Not to be confused with My Name is Albert Ayler or He Named Me Malala, I Called Him Morgan is a 2016 documentary about jazz trumpeter Lee Morgan and his common-law wife Helen.
Swedish filmmaker Kasper Collin uses shots of a New York blizzard and a suspenseful flow of information to sustain a foreboding atmosphere; a style befitting a trumpeter known for his ability to tell a story through his solos. Combining contributions from jazzmen like Wayne Shorter and Bennie Maupin (as opposed to Bernie Taupin) and a 1996 interview with Helen, Collin celebrates Lee’s talent while seeking a sense of closure, understanding and ultimately forgiveness.

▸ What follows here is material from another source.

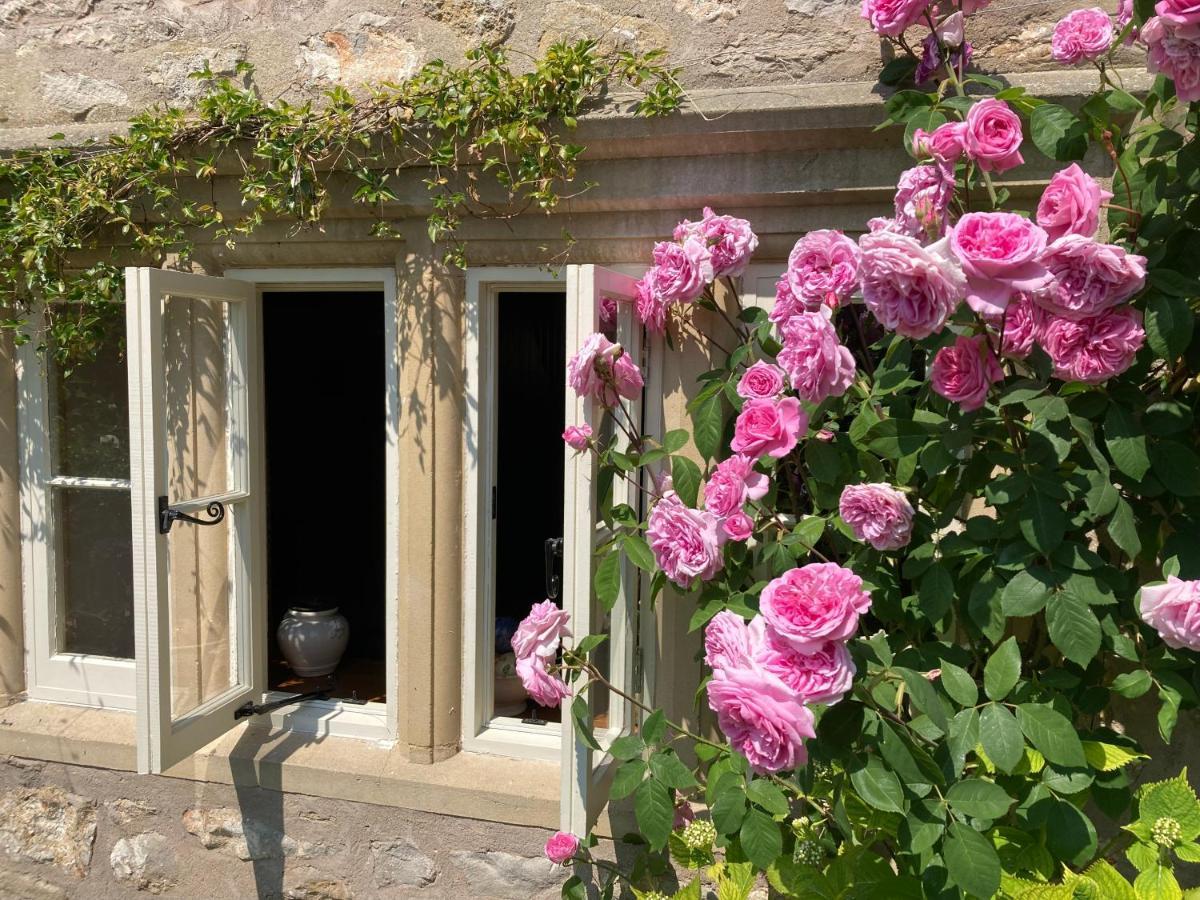 Bed and Breakfast Maplestone Shepton Mallet Exteriér fotografie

Having joined Dizzy Gillespie’s Big Band at 18 and Art Blakey’s Jazz Messengers at 20, Lee Morgan was known to be cocky (at 25 he claimed to be mentoring 26-year-old saxophonist Joe Henderson) and with good reason; his 1964 album ‘The Sidewinder’ became Blue Note’s best-selling record, outselling the previous one about 10 times over. After falling into heroin addiction he was picked (literally) out of the gutter by Helen, a headstrong maternal figure to all sorts of jazz cats and gay friends.
By dealing humanely with Helen’s story, I Called Him Morgan feels as conversational and compassionate as Lee’s music. The soundtrack is gorgeous and the live footage invaluable, creating a film that’s sad, dramatic and empathetic like a great jazz ballad.